Image-text web data
○ ○ ○
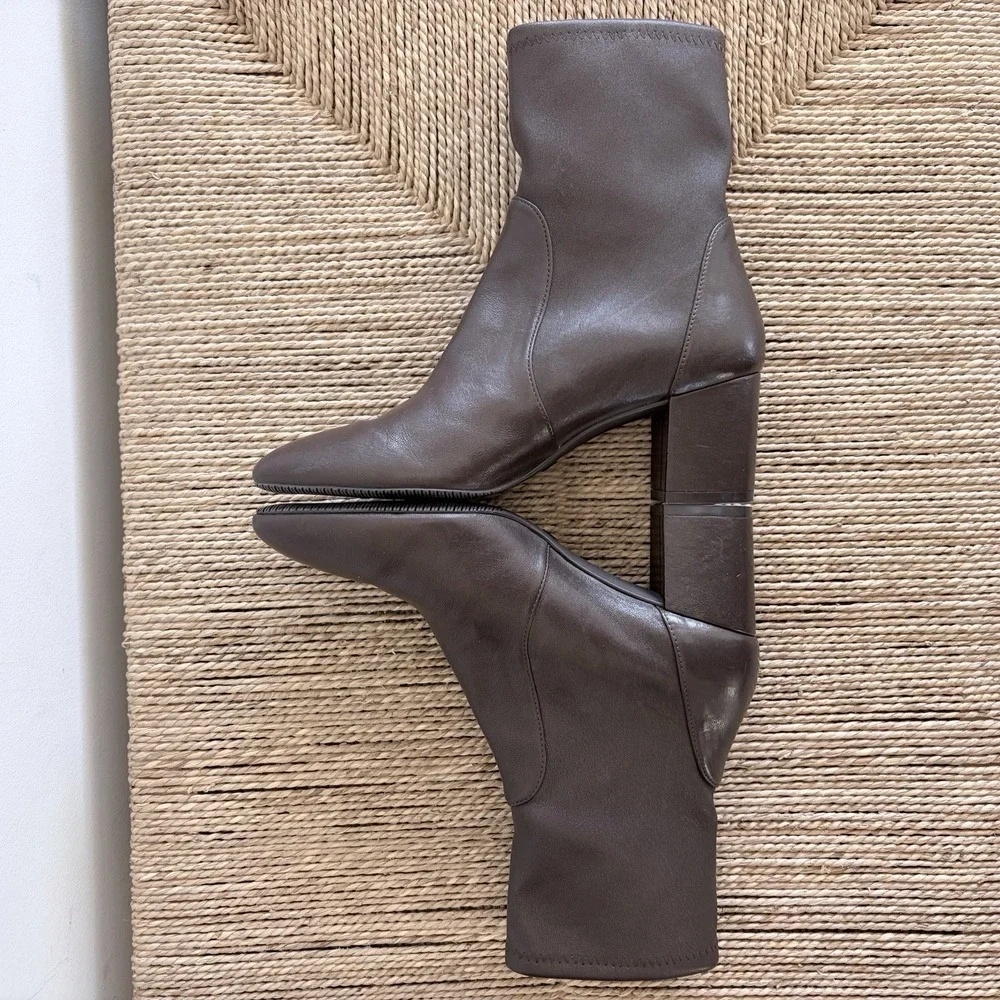 STUART WEITZMAN Lucie Block Heel Leather‎ Brown Boots S6277 US 6.5 EU 37 Pull-on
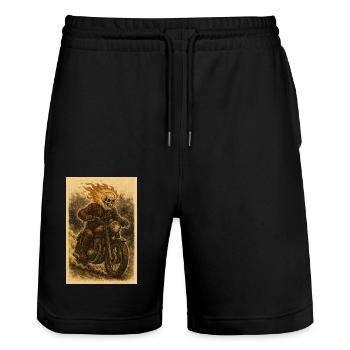 Ghost Rider in vintage style - Stanley/Stella Trainer Unisex Organic Jogging Shorts - black - Front - Nik (191cm) & Marisol (170cm)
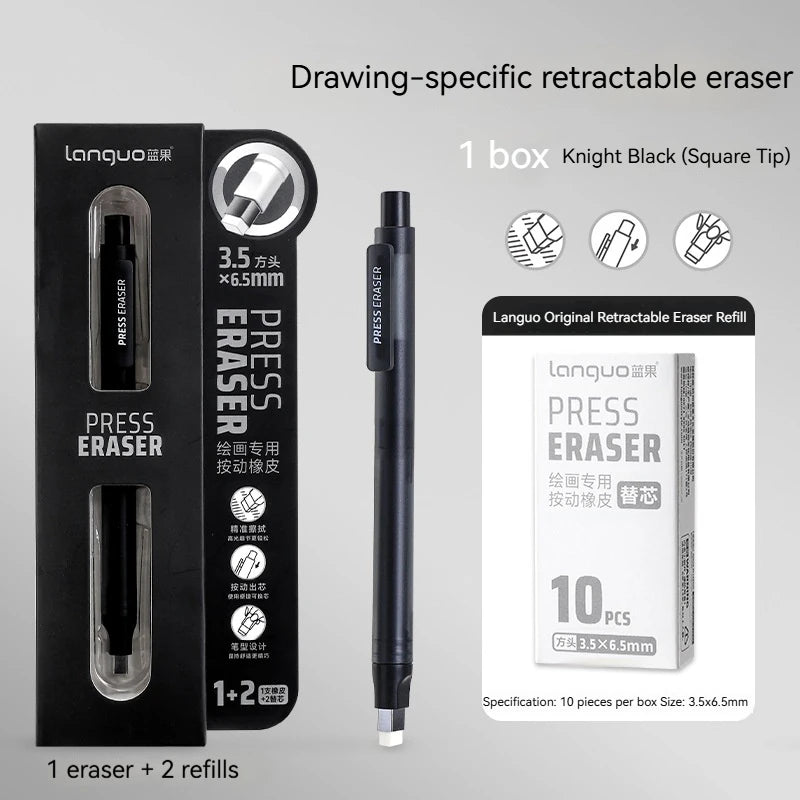 Push-Type Pencil Eraser For Manga Design Drawing Highlight Modeling Writing Painting Press Erasers Kids School Stationery Gifts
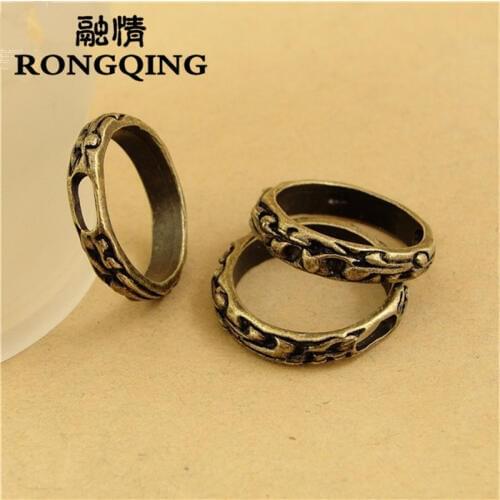 RONGQING 21MM 60pcs/lot Pattern Ring Pendants Necklaces Handmade Fashion Jewelry Charms DIY
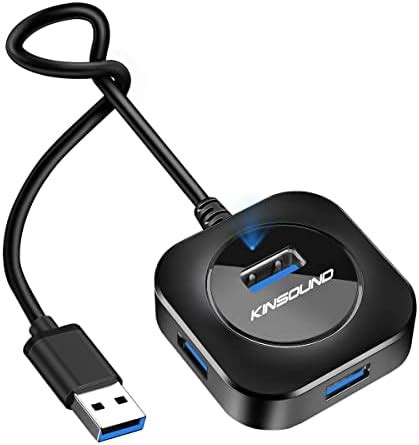 Kinsound USB Hub,4 Extension Multi Port USB Hub 3.0 with Power ...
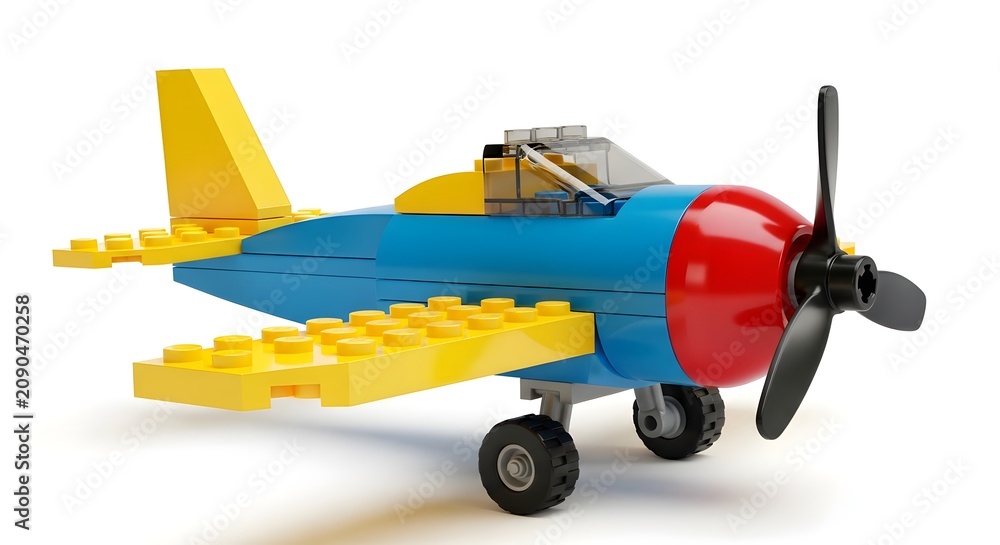 Fototapeta premium Toy airplane made of colorful plastic building blocks isolated on white background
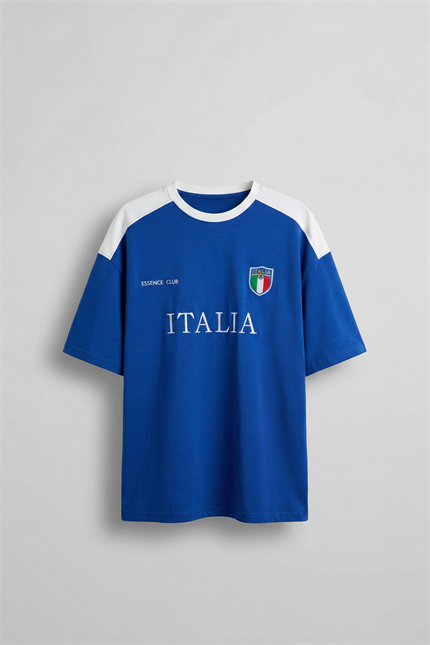 Erkek Oversize Nakışlı Ülke Temalı Forma T-Shirt Saks Mavi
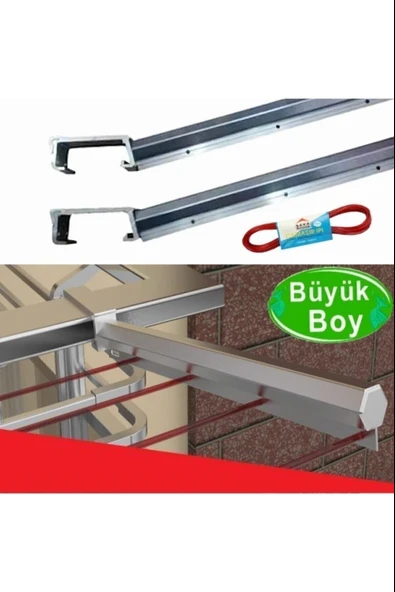 ASVERA pen Balkon Çamaşır Kurutma Askılıgı Kare Alüminyum 60x25 ürün görseli 1
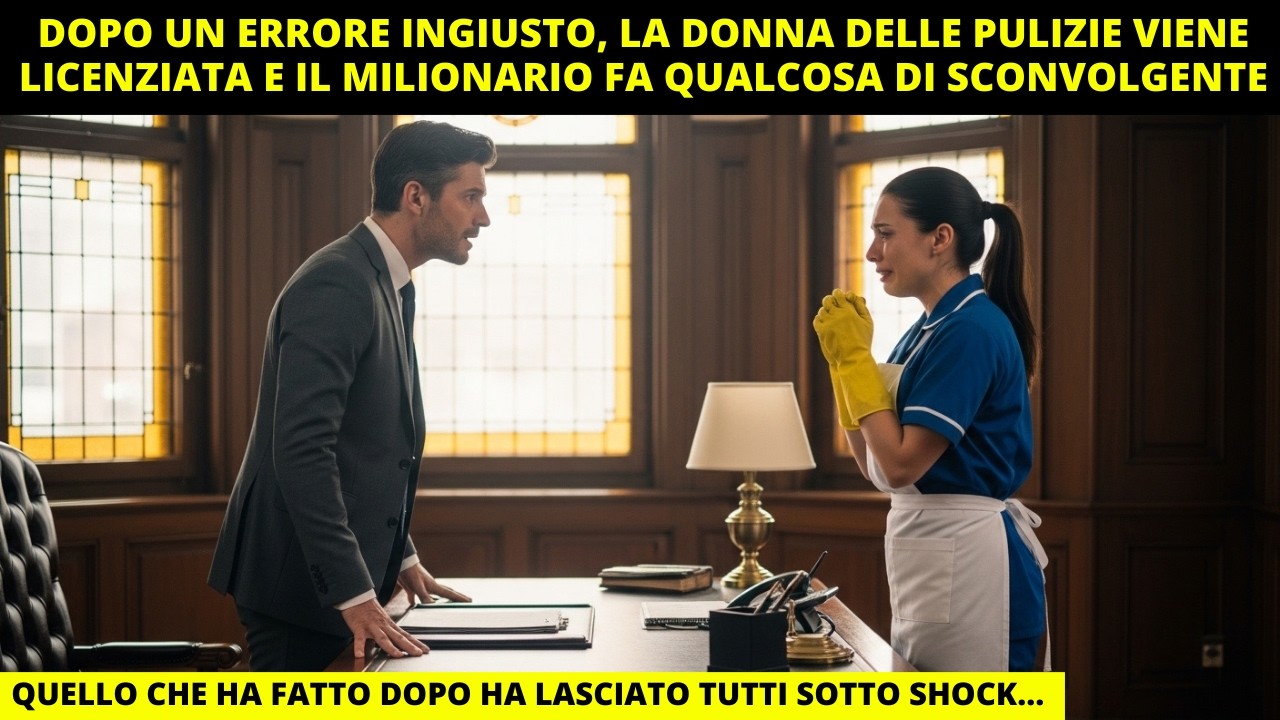 DOPO UN ERRORE INGIUSTO, LA DONNA DELLE PULIZIE VIENE LICENZIATA E IL MILIONARIO FA QUALCOSA DI...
○ ○ ○
- _Task details_
Nothing should appear in the answer except the lines from the first line of the data through the line holding "Push-Type Pencil Eraser", exactly as written, with pictures left out.

- _Written answer_
 STUART WEITZMAN Lucie Block Heel Leather‎ Brown Boots S6277 US 6.5 EU 37 Pull-on
 Ghost Rider in vintage style - Stanley/Stella Trainer Unisex Organic Jogging Shorts - black - Front - Nik (191cm) & Marisol (170cm)
 Push-Type Pencil Eraser For Manga Design Drawing Highlight Modeling Writing Painting Press Erasers Kids School Stationery Gifts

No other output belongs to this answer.